Guest OpEd: Senator Jenkins’ Prison BoonDoggle

By: June Taylor

When it comes to Real Estate deals, we have a very skilled bunch of legislators.  The developer’s blue ribbon for this Legislative Session goes to Sen. Scott Jenkins, R-Plain City , for SB72S4 which would use the Prison Redevelopment and Development Authority (PRADA), set up by the Legislature last year, to invite and choose proposals to tear down the existing prison in Draper and build a new one someplace else on less desirable real estate.  A new stealth addition to the bill would allow private prison companies to operate the new prison.   If Utah follows the pattern of other states which have adopted the privatization model, then we can expect incarceration rates to remain high and probably increase.  It costs $35,000 to $65,000 per prisoner per year to keep an inmate at the Draper prison.  Utah’s indeterminate sentencing and indeterminate parole allows wide latitude for manipulating the inmate population to keep a full house at Draper. Anyone versed in business models can see that it is to the advantage of a private prison operator to keep occupancy rates up.  This incentive is entirely at odds with the financial interests of state taxpayers.

Keep in mind that most inmates eventually are released.  Many are released into a parole system that actually drives a recidivism cycle, by using a combination of extended parole times and harsh regulations for parole violation.  There are no scientific data that show that such a parole system provides any social benefit beyond job security for those who work in the parole and prison system.  There is ample data showing the damage done to society, families and individuals by using prisons to incarcerate the mentally ill and the addicted, instead of sending them to effective treatment programs, at a fraction of the cost.

So why would our famously frugal Legislator propose such a prison boondoggle?  If PRADA cannot cover the costs of tearing down and “developing” the Draper prison site, which sits on 625 acres of prime real estate, then the excess costs can be passed on to taxpayers, under current Utah law and SB72S4.  After taxpayers pay for the demolition and “development” to make this juicy addition to the public trough, the 40% of our Legislators who are developers and their cronies will have a banquet at taxpayer expense.  There are clear conflicts of interest between Senators and Representatives who are in the business of real estate development, but these go unchallenged.
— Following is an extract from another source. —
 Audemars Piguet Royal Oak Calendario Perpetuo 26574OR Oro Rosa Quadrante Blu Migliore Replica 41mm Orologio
The [Salt Lake] Tribune noted this on March 5: “Senate President Wayne Niederhauser, R-Sandy, was among the 19 senators who voted for the bill. Niederhauser acknowledged last week his real estate development business owns a housing project four miles from the current prison but denied any conflict of interest or potential benefit.”

SB72S4 is bad fiscal policy and bad prison policy.  It will burden our state with incentives to keep incarceration rates high, diverting money from attacking the major problems leading to imprisonment: mental illness and addiction.  After all, if the issue is jobs to be created, spending money on mental health facilities and treatment programs for addicts – at a fraction of the cost of incarceration -would produce not only jobs in these facilities and programs, but also convert the majority of potential inmates into productive members of communities. It is time to call our Legislators to account for their self-interested pursuit of gain for their businesses, at continuing expense to Utah taxpayers and communities.